Senate Republican Whip Mitch McConnell sat down Tuesday for a heart-to-heart talk with Chafee, pleading with him to permit Bolton's nomination to reach the Senate floor. The reason Chafee is in this pivotal position can be attributed to Sen. Christopher Dodd's fierce open opposition to Bolton, and UN Secretary-General Kofi Annan's stealthy sabotage, executed by his deputy, Mark Malloch Brown.
Bolton's ordeal provides a cautionary tale for any foreign policy conservative who wants to serve his country in Washington. Nobody can deny Bolton's intelligence and vigor in a lifetime devoted to public service. Nor can anybody deny that Bolton has been faithful to the program of any president he served even when official policy conflicted with his own views. But those views have caused him no end of trouble.
Indeed, some of Bolton's colleagues in the State Department (where he was an under secretary in George W. Bush's first term) were backstabbing when the president named him UN envoy. Bolton's overriding defect was his anti-Castro views, which collided with Dodd's goal of "normalizing" relations with Communist Cuba. Dodd was able to mobilize Democratic colleagues in a deadlock -- creating demand for executive branch documents involving Bolton.
Republican Sen. George Voinovich did not like Bolton's blunt answers to his Democratic antagonists in last year's Foreign Relations Committee hearings. He unexpectedly voted against Bolton but permitted the nomination to reach the floor without recommendation. That did not help find the 60-vote supermajority to cut off a Dodd-managed filibuster.

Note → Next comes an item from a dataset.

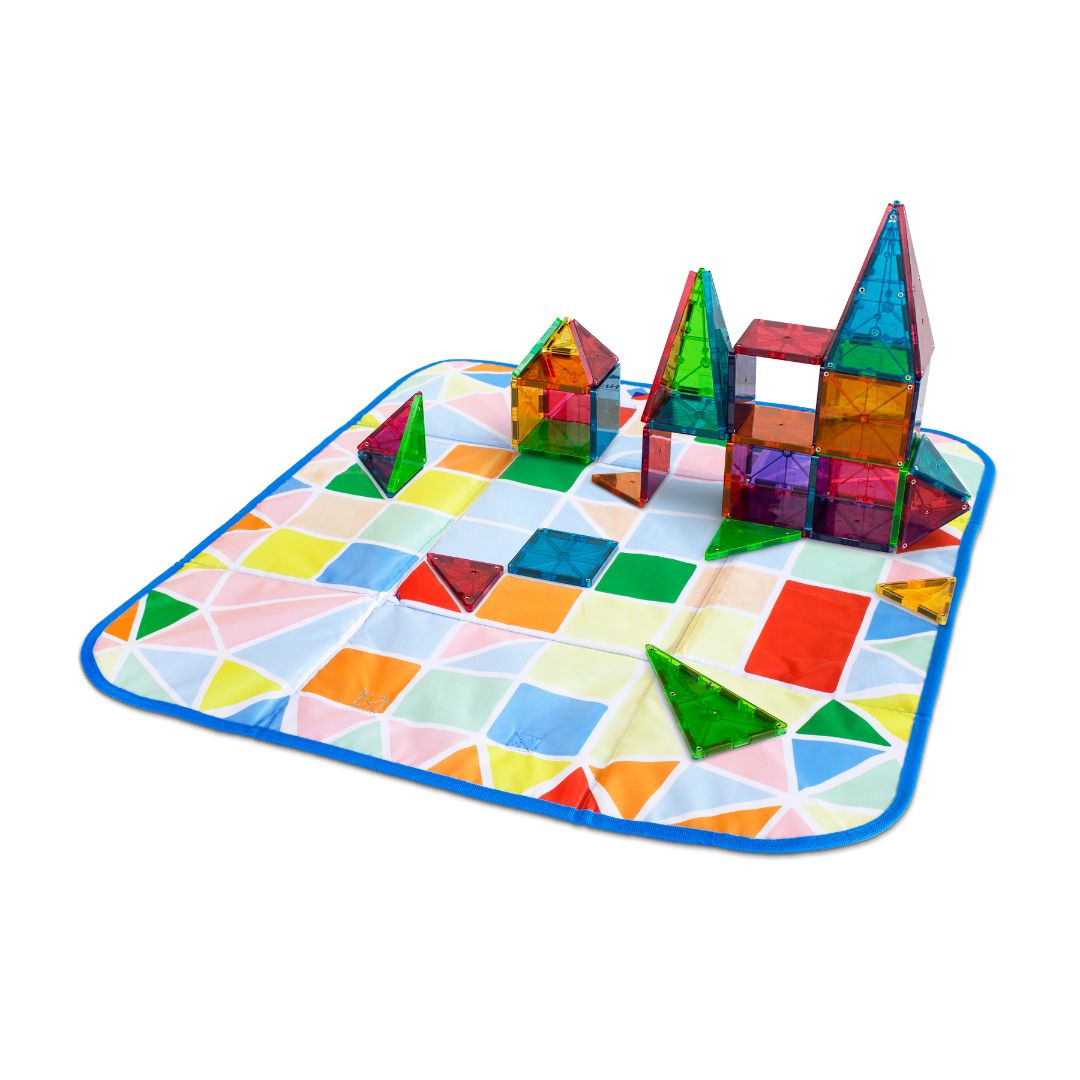 Magna-Tiles 2-i-1 opbevaringskasse og legetæppe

Bolton's vigorous UN performance under a recess appointment made Aug. 1, 2005, when the Senate was not in session, convinced the fair-minded Voinovich to change his position. But Sen. Chuck Hagel, second ranking Republican on Foreign Relations and a thoughtful critic of Bush administration foreign policy, indicated he might drop his support and vote no when Bolton again came up for confirmation. In a conversation with Hagel after Labor Day, Bolton won a yes vote.